Work item: The material below holds a span beginning at the line with "8T8833051 – AUDİ A5 SOL ARKA KAPİ ORJ" and ending at the line with "Prewencyjna kontrola konstytucyjności". Quote that span exactly, both ends included, and only that span.

Record excerpts:
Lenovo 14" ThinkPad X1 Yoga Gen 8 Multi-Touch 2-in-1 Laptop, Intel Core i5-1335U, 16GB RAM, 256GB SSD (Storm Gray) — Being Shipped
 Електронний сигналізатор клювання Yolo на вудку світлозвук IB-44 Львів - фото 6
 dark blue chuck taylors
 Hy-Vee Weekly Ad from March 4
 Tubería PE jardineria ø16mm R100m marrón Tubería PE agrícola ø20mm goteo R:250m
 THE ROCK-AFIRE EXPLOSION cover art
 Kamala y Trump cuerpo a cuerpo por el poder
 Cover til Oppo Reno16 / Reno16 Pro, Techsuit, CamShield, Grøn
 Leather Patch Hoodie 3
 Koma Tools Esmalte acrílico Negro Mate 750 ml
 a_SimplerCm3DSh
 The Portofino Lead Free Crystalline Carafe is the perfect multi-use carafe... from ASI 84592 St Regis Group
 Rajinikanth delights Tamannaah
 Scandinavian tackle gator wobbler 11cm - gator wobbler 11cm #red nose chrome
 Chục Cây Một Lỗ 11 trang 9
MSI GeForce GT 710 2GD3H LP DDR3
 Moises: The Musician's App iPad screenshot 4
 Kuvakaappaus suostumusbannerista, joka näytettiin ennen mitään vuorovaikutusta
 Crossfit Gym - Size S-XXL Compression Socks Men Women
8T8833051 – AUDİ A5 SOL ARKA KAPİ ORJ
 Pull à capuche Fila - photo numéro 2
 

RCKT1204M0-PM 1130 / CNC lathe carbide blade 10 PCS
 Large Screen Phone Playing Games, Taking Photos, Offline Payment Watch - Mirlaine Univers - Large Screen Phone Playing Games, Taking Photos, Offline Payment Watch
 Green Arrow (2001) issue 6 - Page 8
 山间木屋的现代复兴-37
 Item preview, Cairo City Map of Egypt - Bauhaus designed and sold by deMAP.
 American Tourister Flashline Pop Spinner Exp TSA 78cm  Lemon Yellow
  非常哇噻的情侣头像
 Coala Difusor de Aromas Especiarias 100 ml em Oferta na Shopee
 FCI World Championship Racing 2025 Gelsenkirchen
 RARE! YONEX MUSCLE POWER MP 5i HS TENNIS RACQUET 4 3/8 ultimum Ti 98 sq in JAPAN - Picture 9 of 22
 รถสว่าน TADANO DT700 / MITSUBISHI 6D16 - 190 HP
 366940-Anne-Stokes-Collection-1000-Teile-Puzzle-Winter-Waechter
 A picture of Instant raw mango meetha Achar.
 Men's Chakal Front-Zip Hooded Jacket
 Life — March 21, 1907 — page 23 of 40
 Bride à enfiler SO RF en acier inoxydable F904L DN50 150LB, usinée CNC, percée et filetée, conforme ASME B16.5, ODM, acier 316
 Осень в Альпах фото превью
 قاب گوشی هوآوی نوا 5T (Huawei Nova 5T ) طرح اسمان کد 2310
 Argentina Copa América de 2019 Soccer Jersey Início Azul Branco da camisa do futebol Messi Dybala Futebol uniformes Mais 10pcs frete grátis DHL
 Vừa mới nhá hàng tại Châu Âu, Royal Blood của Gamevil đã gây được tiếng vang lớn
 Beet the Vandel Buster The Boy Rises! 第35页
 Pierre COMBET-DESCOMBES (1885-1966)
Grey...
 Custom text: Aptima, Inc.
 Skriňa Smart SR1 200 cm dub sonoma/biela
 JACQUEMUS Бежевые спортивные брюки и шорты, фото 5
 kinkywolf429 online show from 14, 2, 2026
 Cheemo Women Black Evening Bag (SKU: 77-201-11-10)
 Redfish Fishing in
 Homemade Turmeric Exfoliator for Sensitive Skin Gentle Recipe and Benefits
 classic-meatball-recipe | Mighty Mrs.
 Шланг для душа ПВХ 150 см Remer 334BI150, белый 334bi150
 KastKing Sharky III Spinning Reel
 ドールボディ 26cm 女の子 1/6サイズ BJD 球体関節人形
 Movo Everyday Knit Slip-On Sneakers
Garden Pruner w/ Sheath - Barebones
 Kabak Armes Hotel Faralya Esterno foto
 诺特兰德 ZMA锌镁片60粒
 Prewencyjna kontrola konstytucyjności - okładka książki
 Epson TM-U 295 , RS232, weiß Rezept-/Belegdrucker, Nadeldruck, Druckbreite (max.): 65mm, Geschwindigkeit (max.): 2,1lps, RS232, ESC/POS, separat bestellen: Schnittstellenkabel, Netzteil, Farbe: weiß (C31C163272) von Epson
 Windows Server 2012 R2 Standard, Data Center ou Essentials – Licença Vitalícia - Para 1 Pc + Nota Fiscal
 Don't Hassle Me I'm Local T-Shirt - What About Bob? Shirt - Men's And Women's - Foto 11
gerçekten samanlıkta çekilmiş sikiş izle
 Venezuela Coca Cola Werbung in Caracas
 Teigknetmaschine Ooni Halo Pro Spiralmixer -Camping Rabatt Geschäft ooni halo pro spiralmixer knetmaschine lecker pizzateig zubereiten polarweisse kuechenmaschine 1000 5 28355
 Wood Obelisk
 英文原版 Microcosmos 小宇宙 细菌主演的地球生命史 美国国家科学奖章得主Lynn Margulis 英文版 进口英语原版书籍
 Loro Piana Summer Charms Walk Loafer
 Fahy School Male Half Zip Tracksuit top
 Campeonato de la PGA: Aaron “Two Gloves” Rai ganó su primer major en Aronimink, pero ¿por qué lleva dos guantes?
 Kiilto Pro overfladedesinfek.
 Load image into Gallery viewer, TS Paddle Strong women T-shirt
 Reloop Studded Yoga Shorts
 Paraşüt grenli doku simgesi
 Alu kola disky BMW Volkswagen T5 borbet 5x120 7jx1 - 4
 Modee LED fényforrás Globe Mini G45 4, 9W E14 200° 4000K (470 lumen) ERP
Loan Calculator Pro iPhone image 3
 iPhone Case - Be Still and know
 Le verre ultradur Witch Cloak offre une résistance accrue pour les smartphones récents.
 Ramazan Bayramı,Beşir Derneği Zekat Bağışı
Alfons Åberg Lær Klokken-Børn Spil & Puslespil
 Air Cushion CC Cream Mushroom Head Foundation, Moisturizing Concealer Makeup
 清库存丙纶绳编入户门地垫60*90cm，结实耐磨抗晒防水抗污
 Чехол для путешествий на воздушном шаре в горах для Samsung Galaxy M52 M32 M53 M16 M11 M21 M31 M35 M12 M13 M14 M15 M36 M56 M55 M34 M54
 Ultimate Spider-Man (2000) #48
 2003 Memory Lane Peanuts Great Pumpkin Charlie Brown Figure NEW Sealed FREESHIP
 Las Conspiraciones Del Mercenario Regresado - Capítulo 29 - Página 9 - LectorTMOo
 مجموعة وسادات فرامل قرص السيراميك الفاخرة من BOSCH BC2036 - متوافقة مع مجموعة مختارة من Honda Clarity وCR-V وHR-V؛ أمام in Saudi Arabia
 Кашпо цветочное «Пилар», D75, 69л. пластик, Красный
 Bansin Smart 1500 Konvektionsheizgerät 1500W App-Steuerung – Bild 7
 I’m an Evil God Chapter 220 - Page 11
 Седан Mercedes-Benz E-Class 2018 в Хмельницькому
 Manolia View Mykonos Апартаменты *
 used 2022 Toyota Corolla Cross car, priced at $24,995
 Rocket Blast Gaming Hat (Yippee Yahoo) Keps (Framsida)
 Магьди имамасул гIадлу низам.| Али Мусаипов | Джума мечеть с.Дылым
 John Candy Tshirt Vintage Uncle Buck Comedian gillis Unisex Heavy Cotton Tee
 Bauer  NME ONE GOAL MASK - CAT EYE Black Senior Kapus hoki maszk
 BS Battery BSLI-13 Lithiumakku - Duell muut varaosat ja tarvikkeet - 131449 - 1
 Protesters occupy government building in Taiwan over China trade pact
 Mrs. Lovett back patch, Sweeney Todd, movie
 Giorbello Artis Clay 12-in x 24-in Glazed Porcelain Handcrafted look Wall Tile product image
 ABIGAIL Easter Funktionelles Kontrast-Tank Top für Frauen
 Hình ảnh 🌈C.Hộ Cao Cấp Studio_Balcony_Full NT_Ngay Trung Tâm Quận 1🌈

Answer to this exercise:
8T8833051 – AUDİ A5 SOL ARKA KAPİ ORJ
 Pull à capuche Fila - photo numéro 2
 

RCKT1204M0-PM 1130 / CNC lathe carbide blade 10 PCS
 Large Screen Phone Playing Games, Taking Photos, Offline Payment Watch - Mirlaine Univers - Large Screen Phone Playing Games, Taking Photos, Offline Payment Watch
 Green Arrow (2001) issue 6 - Page 8
 山间木屋的现代复兴-37
 Item preview, Cairo City Map of Egypt - Bauhaus designed and sold by deMAP.
 American Tourister Flashline Pop Spinner Exp TSA 78cm  Lemon Yellow
  非常哇噻的情侣头像
 Coala Difusor de Aromas Especiarias 100 ml em Oferta na Shopee
 FCI World Championship Racing 2025 Gelsenkirchen
 RARE! YONEX MUSCLE POWER MP 5i HS TENNIS RACQUET 4 3/8 ultimum Ti 98 sq in JAPAN - Picture 9 of 22
 รถสว่าน TADANO DT700 / MITSUBISHI 6D16 - 190 HP
 366940-Anne-Stokes-Collection-1000-Teile-Puzzle-Winter-Waechter
 A picture of Instant raw mango meetha Achar.
 Men's Chakal Front-Zip Hooded Jacket
 Life — March 21, 1907 — page 23 of 40
 Bride à enfiler SO RF en acier inoxydable F904L DN50 150LB, usinée CNC, percée et filetée, conforme ASME B16.5, ODM, acier 316
 Осень в Альпах фото превью
 قاب گوشی هوآوی نوا 5T (Huawei Nova 5T ) طرح اسمان کد 2310
 Argentina Copa América de 2019 Soccer Jersey Início Azul Branco da camisa do futebol Messi Dybala Futebol uniformes Mais 10pcs frete grátis DHL
 Vừa mới nhá hàng tại Châu Âu, Royal Blood của Gamevil đã gây được tiếng vang lớn
 Beet the Vandel Buster The Boy Rises! 第35页
 Pierre COMBET-DESCOMBES (1885-1966)
Grey...
 Custom text: Aptima, Inc.
 Skriňa Smart SR1 200 cm dub sonoma/biela
 JACQUEMUS Бежевые спортивные брюки и шорты, фото 5
 kinkywolf429 online show from 14, 2, 2026
 Cheemo Women Black Evening Bag (SKU: 77-201-11-10)
 Redfish Fishing in
 Homemade Turmeric Exfoliator for Sensitive Skin Gentle Recipe and Benefits
 classic-meatball-recipe | Mighty Mrs.
 Шланг для душа ПВХ 150 см Remer 334BI150, белый 334bi150
 KastKing Sharky III Spinning Reel
 ドールボディ 26cm 女の子 1/6サイズ BJD 球体関節人形
 Movo Everyday Knit Slip-On Sneakers
Garden Pruner w/ Sheath - Barebones
 Kabak Armes Hotel Faralya Esterno foto
 诺特兰德 ZMA锌镁片60粒
 Prewencyjna kontrola konstytucyjności - okładka książki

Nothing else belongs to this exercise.